Pictures with short captions:
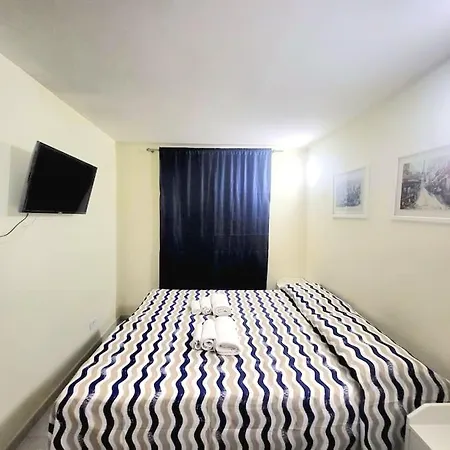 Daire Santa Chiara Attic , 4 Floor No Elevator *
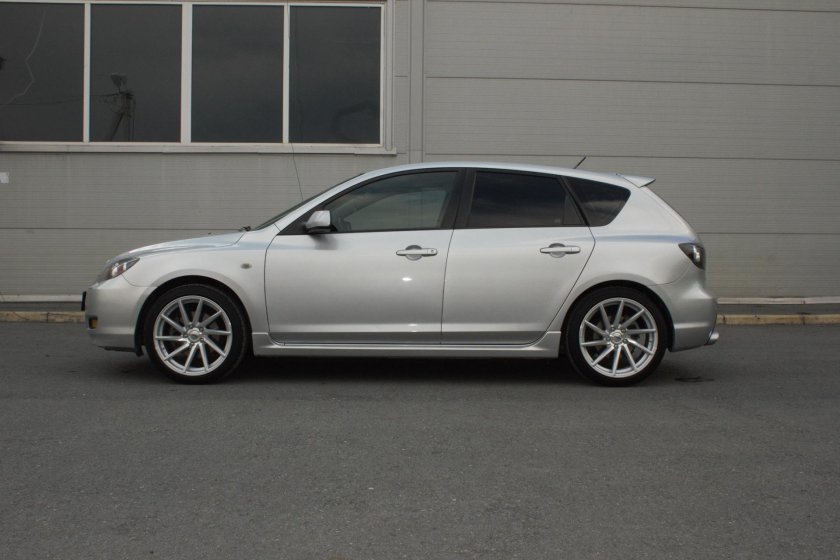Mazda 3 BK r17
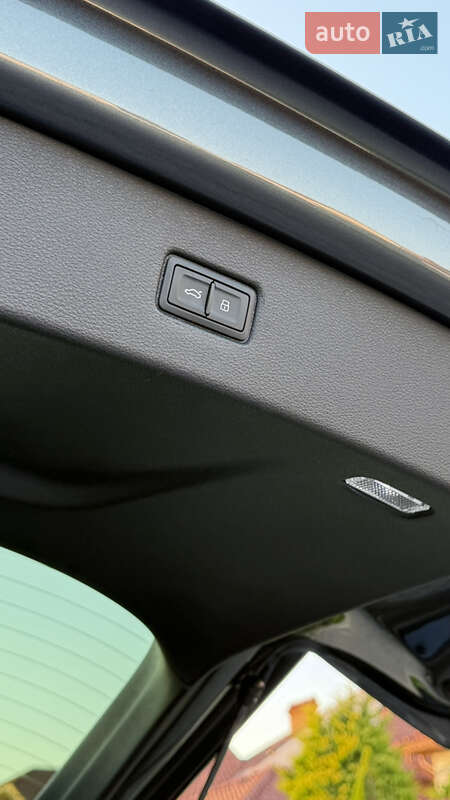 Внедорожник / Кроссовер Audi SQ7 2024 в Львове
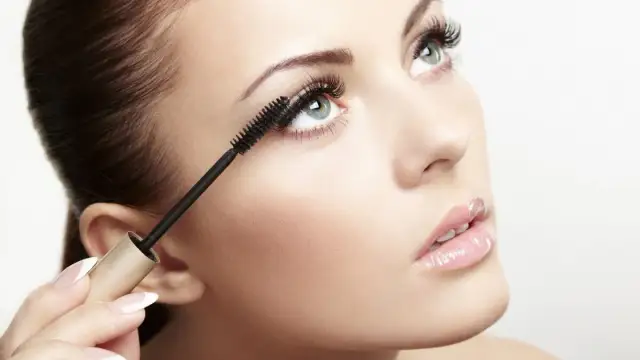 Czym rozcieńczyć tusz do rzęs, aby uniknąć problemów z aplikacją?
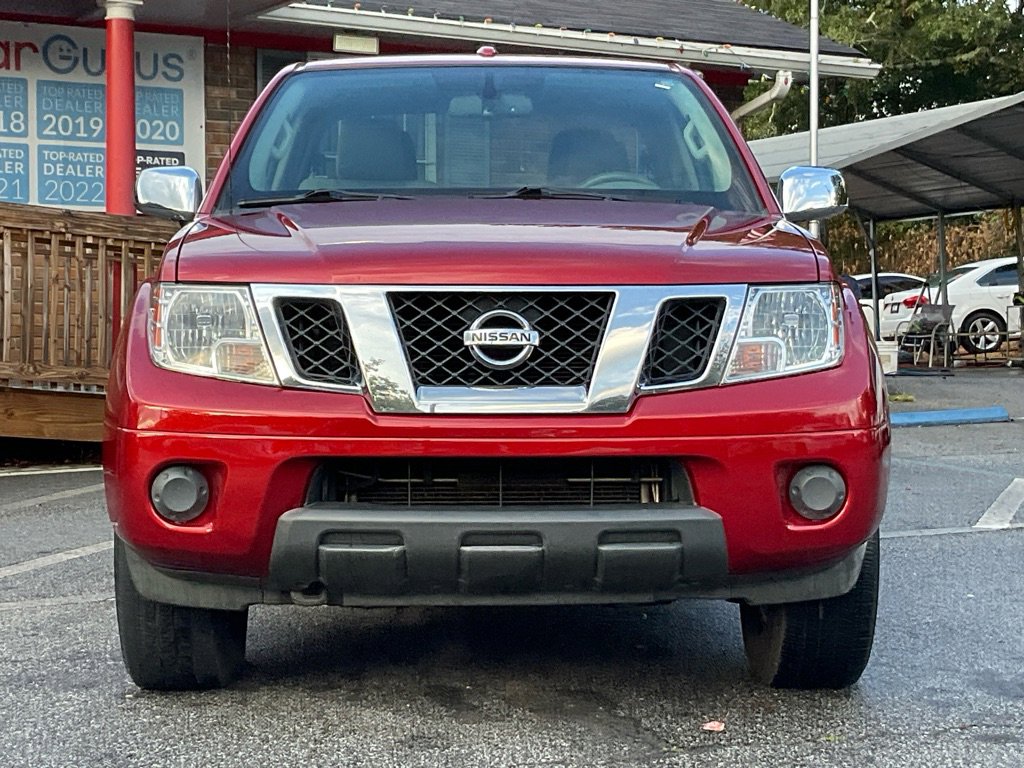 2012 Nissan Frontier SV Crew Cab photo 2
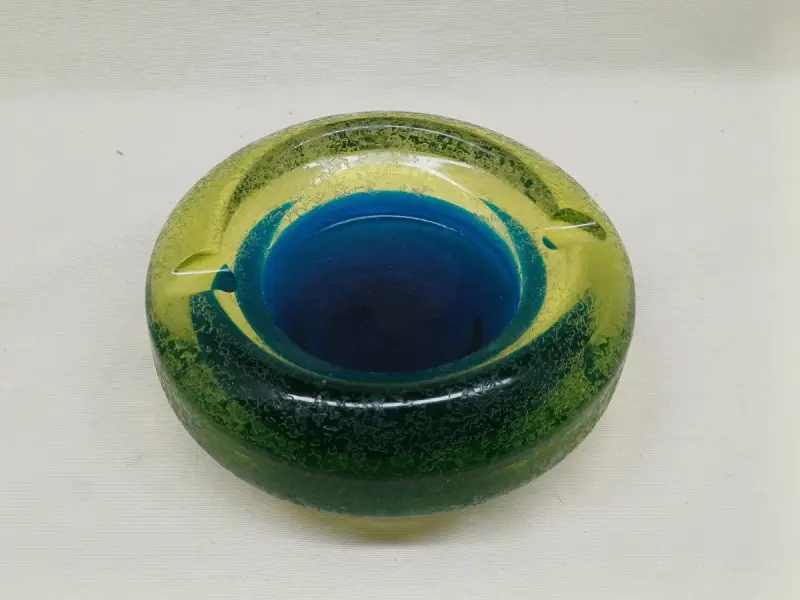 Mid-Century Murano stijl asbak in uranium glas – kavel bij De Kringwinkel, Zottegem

**Your objective:** An exact copy of each entry is required, minus the pictures.

**Response to the exercise:**
 Daire Santa Chiara Attic , 4 Floor No Elevator *
Mazda 3 BK r17
 Внедорожник / Кроссовер Audi SQ7 2024 в Львове
 Czym rozcieńczyć tusz do rzęs, aby uniknąć problemów z aplikacją?
 2012 Nissan Frontier SV Crew Cab photo 2
 Mid-Century Murano stijl asbak in uranium glas – kavel bij De Kringwinkel, Zottegem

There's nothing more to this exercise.